* TASK BRIEF *
Look below for the line with "Дом в Паттайе, Таиланд", then repeat it and all lines after it, exactly, minus any pictures.

* THE DATA *
··········

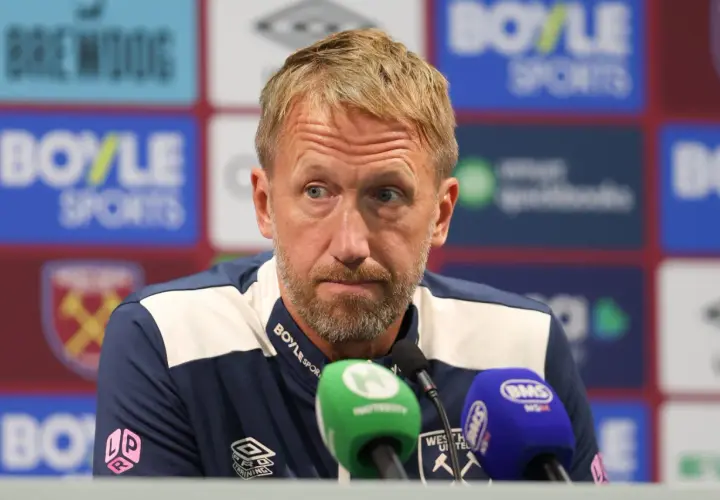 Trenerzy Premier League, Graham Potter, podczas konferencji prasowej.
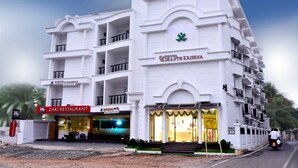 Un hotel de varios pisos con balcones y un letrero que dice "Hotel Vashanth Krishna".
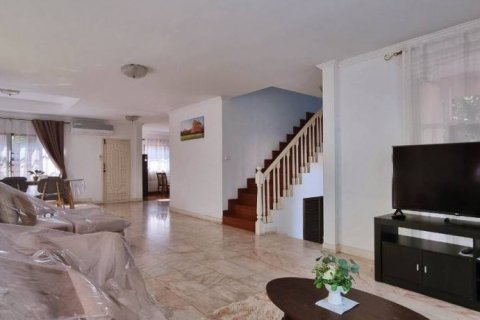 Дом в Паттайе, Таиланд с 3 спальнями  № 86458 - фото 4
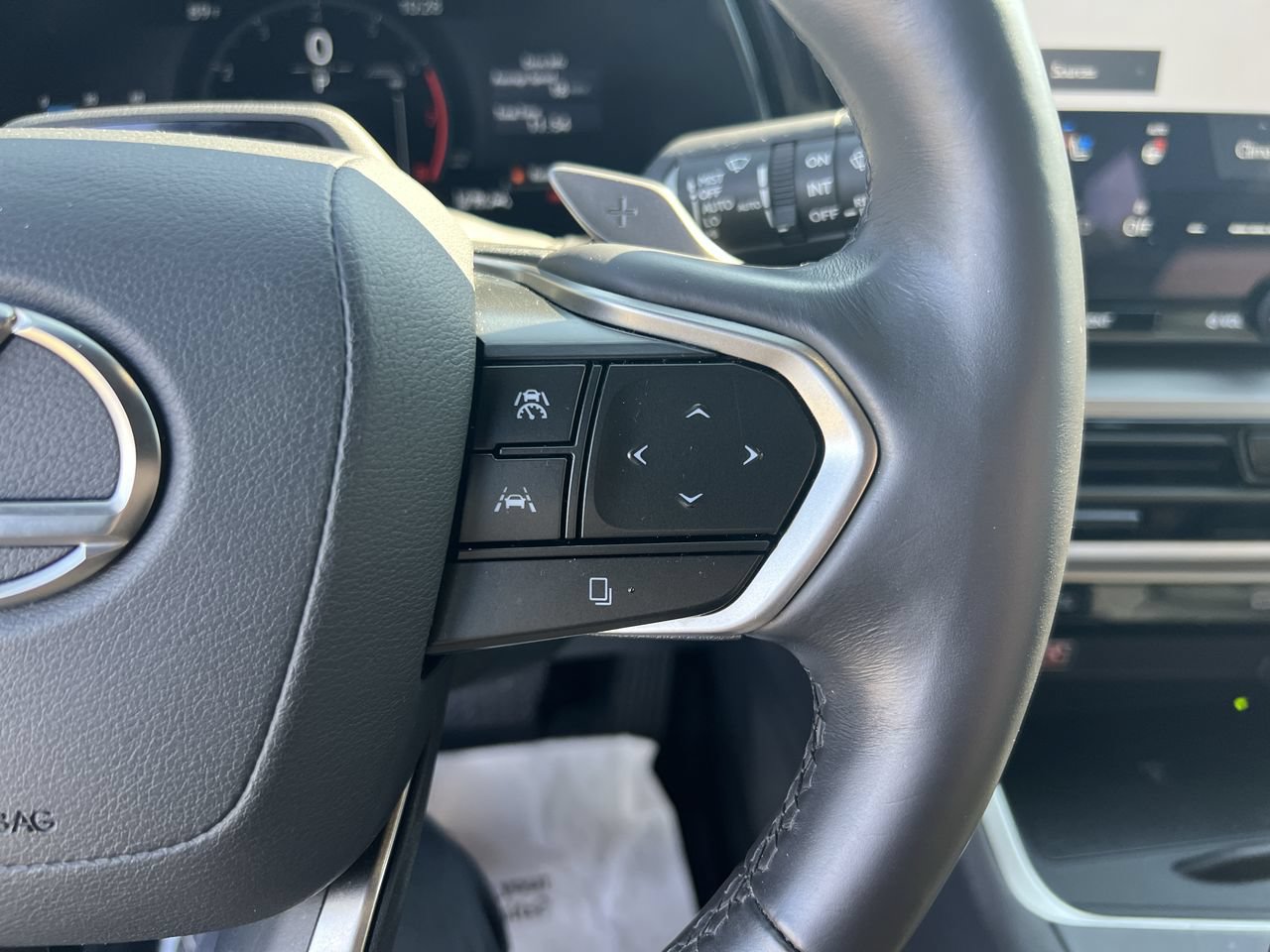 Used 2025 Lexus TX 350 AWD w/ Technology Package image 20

··········

* ANSWER TO THIS EXERCISE *
 Дом в Паттайе, Таиланд с 3 спальнями  № 86458 - фото 4
 Used 2025 Lexus TX 350 AWD w/ Technology Package image 20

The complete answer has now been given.